William Jackson, Capital Economics

“The decision was more hawkish than I expected given the recent decline in inflation and expectations, economic statistics, reflecting the weakness in consumer spending. This may be partly due to fears that intervention (purchase of currency) will weaken the ruble, but I don’t think it fears materialists. And we are still waiting for a further decline in inflation this year. Against this background, we believe that the Central Bank will resume the easing cycle (possibly in March), but be very careful.”


Natalia Shilova, Binbank

“The decision to maintain the key rate of the Central Bank on the background of the beginning operations of the Ministry of Finance for the purchase of foreign currency was expected. These transactions bear the risks of increased pressure on the ruble, if their volumes will be higher than expected by the market. Under these conditions, the regulator did not further increase the volatility of the markets and the pressure on the ruble by reducing rates. We see the probability that at the next meeting in March, the Central Bank will return to lower rates amid record low inflation, but the decision of the Ministry of Finance to conduct budget rules may force the Bank to keep rates high for a longer time.

In our view, the risk of inflation has decreased, and the Central Bank is also noted. This is reflected in the pace of price growth, which we estimate by the end of January will be close to 5 percent (that is, the downtrend will continue) and in the inflation expectations of the population, which in December declined relative to the level of November.

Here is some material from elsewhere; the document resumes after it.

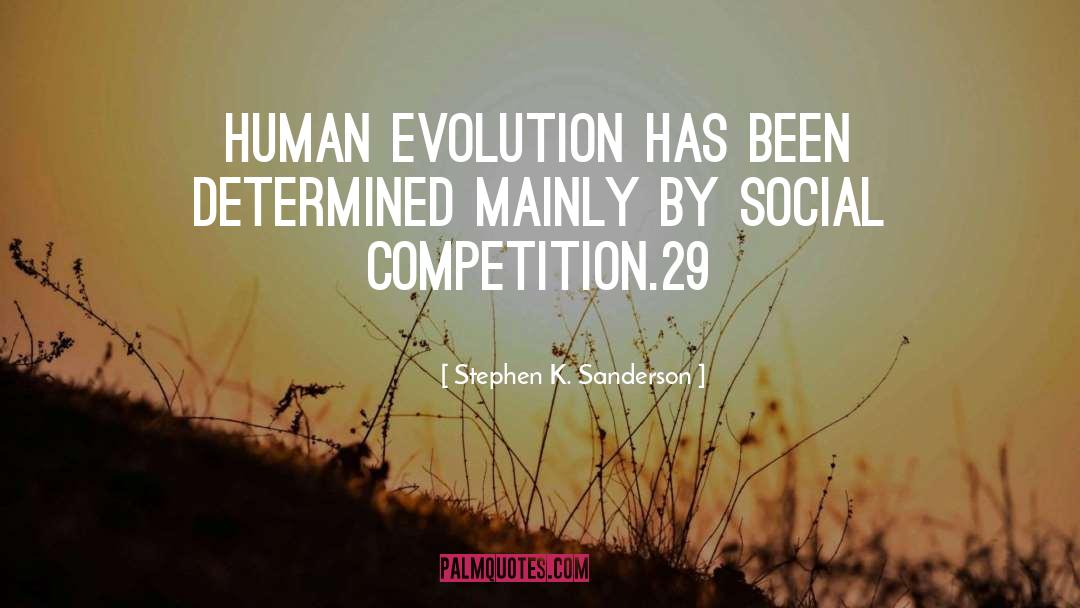 Human Evolution quotes by Stephen K. Sanderson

With regard to the external environment — high oil prices contribute to the preservation of favourable estimates for inflation.

However, the key risk at the moment is the intervention of the Ministry of Finance, which will be about $2 billion in the first month and can significantly increase in case of further growth of oil prices that will lead to an increase of liquidity and to limit the prospects of strengthening of the ruble. Accordingly, the Central Bank will be forced to further sterilize the liquidity, and the tone of the statement, the Central Bank has become much tougher — the regulator noted that the prospects of a rate cut in 1H decreased.

We believe that by the end of 2017 the key interest rate will fall to 8.5-9.0 per cent. This score is the sum of our estimate of inflation (4.5 percent by the end of the year) — we expect that on the background of the favourable intervention of the Ministry of Finance will only hinder the strengthening of the ruble against the background of growing oil prices, but will not be able to provoke him a sharp weakening. Accordingly, weak economic growth and a stable ruble will contribute to maintaining low inflation and Central Bank will open opportunities to further reduce rates”.

Dmitry Lepetikov, VTB24

“The Bank of Russia, as expected in the market, kept its key rate at 10 percent, he remained faithful to his policy. However, review this decision allows to hope that at the next meeting, the rate will be reduced, which will make credit resources more accessible for business and for people. Speaking in favor of this and record low inflation, and stability of the ruble”.